The research initiatives undertaken by the Yakult Central Institute comprise of three phases 1) basic research, 2) development research of materials for food, pharmaceuticals, and cosmetics, and 3) product feasibility research.
Yakult Honsha European Research Centre for Microbiology
In May 2005, Yakult Honsha Company Ltd established the Yakult Honsha European Research Centre for Microbiology in Ghent, Belgium, as a hub for research activity in Europe. The research centre is situated in a research facility called "Bio-Incubator" (a cluster of biotechnology companies) in the suburbs of Ghent and aims to investigate the intestinal microflora of the European population as well as researching and testing the effects of L.casei Shirota on human intestinal flora.

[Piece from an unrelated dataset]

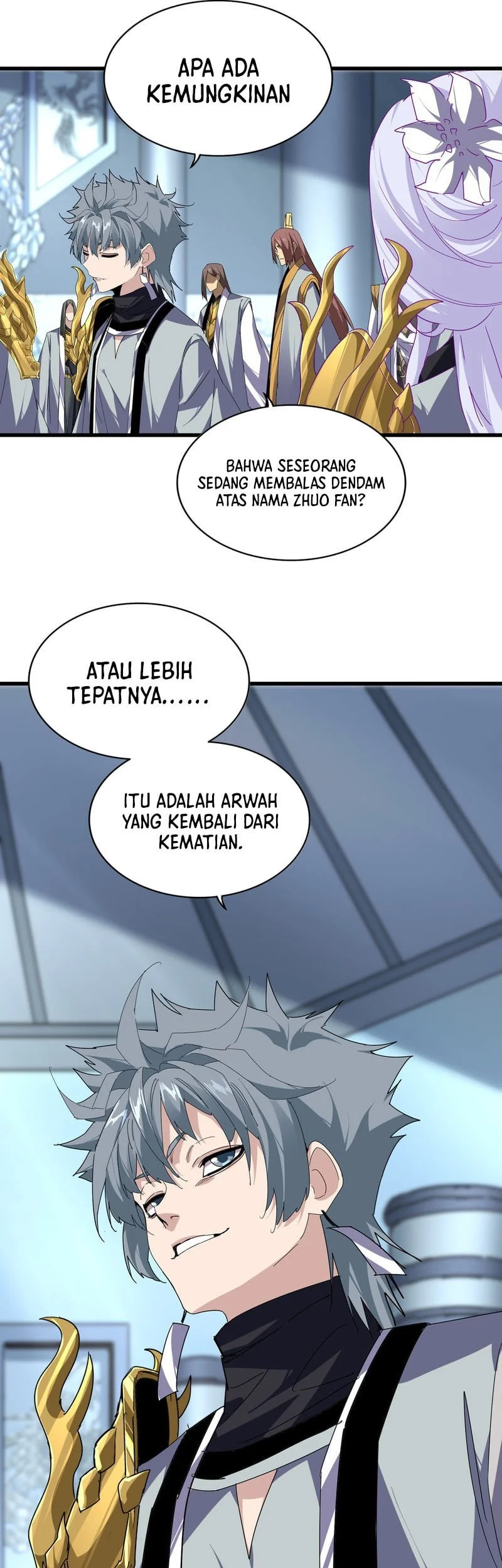 Magic Emperor Chapter 862 Gambar 7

In addition to the research institutes that Yakult has in Japan and Europe, Yakult also sponsors independent research in hospitals, universities and institutes throughout the world, believing it is vital to support independent research teams as this is where many of the best ideas flourish.
More than one hundred peer-reviewed publications describe human studies with Yakult’s L.casei Shirota. In 2016, for example, there were over 20 peer-reviewed publications describing original research conducted by scientists in research institutes and hospitals in the UK, as well as the Netherlands, Belgium, Portugal, Mexico, Malaysia, Hong Kong, Singapore and Japan.
The research behind Yakult has led to the approval of health claims in nine countries;. In 1998 Yakult was one of the first products to be awarded the Food for Specified Health Use (FOSHU) status in Japan.
Yakult boldly going …
Research is being conducting in a wide range of areas, from the gut to the environment. Here is just one example of our pioneering research.
Yakult has started an experimental project with the Japan Aerospace Exploration Agency in 2017, to examine how the bacteria in Yakult (L.casei Shirota) influences the human body.
In outer space, bacteria levels in the body are believed to change; this is a challenge which needs to be researched for extended future space travel. Yakult has developed a technology to freeze-dry their live bacteria and keep them in capsules at ordinary temperatures for as long as nine months. The capsules containing the bacteria will be carried on a U.S. unmanned vehicle to the International Space Station (ISS). Crew members of the ISS will be consuming these capsules of L.casei Shirota to provide the answers!